Sunday, November 17, 2013

An Ineluctable Modality: Chapter 17

An Ineluctable Modality is a novel I wrote for NaNoWriMo's 2013 Challenge where the goal was to write 50,000 words of a novel during the month of November. This year, I wrote a novel-in-blog-posts: you can read the previous chapter, here.

= = = = = = =

Proteus: Henry, I didn't expect to hear from you during the daytime – thought you'd be writing. Is everything okay?

Henry: Well, my concentration is shot, this morning, but at least I'm ahead of schedule so that a day not writing isn't a lost day. Anyway, I was wondering if you'd heard the news?

Proteus: News? What news? I haven't had the TV set on for a couple of days, now, and I've been busy writing... – composing this morning (I felt the need to make the distinction), so I haven't had the radio on.
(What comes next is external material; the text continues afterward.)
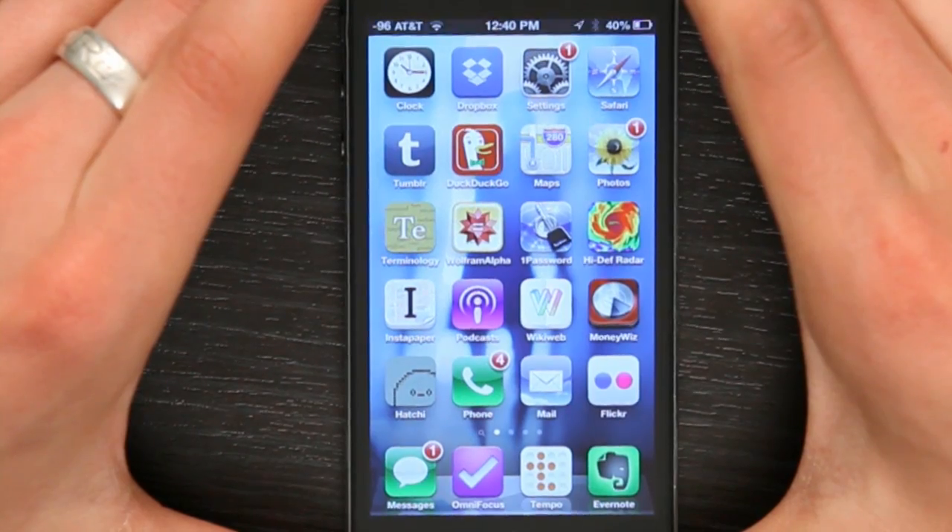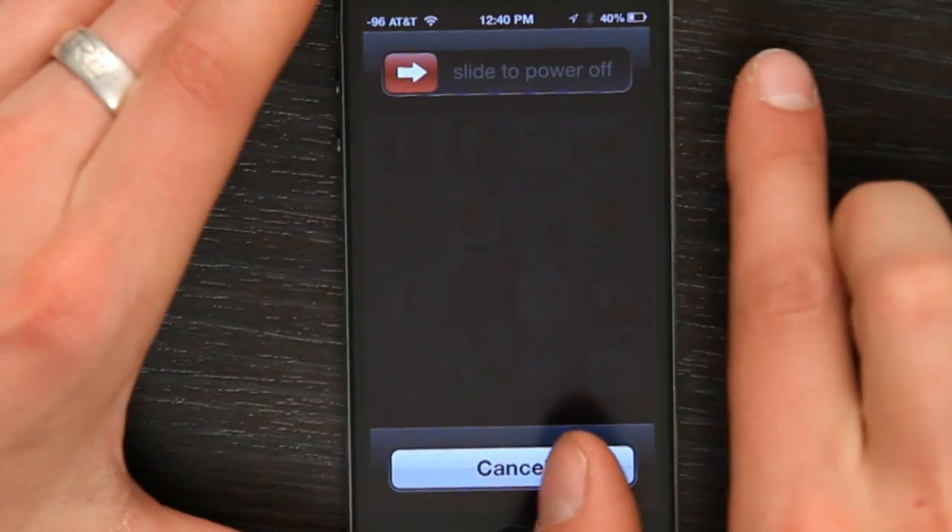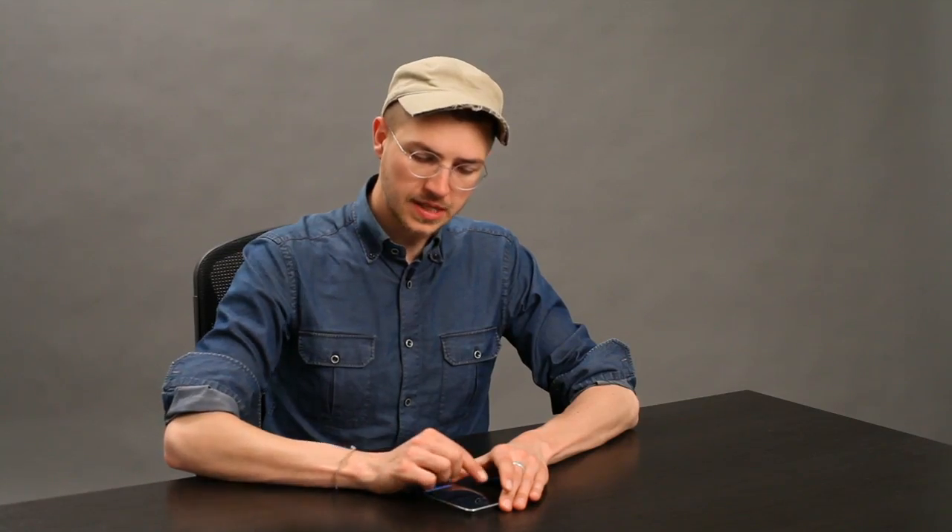If that doesn't work, try rebooting the phone by holding the on-off button until you see 'slide to power off.' Slide it and the phone will shut down. Then hold it again to turn it back on. Try again — connect to Wi-Fi and see if it'll activate.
What's happened?

Henry: I saw it this morning, while I was getting my coffee and logging into my computer to start writing – I was running late (overslept, wouldn't you know) so it was probably about 8 o'clock. You know how foggy it was, this morning...?

Proteus I know how foggy it was here – couldn't see a thing when I first looked out, probably around 7:30 or so.

Henry: I could barely see what was going on down at the beach – just below my house, here, somewhere out near the rocks by Scamander's Cove. A bunch of police cars all along the cliff and men in uniform scrambling down to the beach, wandering around with dogs. (a slight pause) I went back to my desk but I couldn't get my mind off what I'd seen, not knowing what it was.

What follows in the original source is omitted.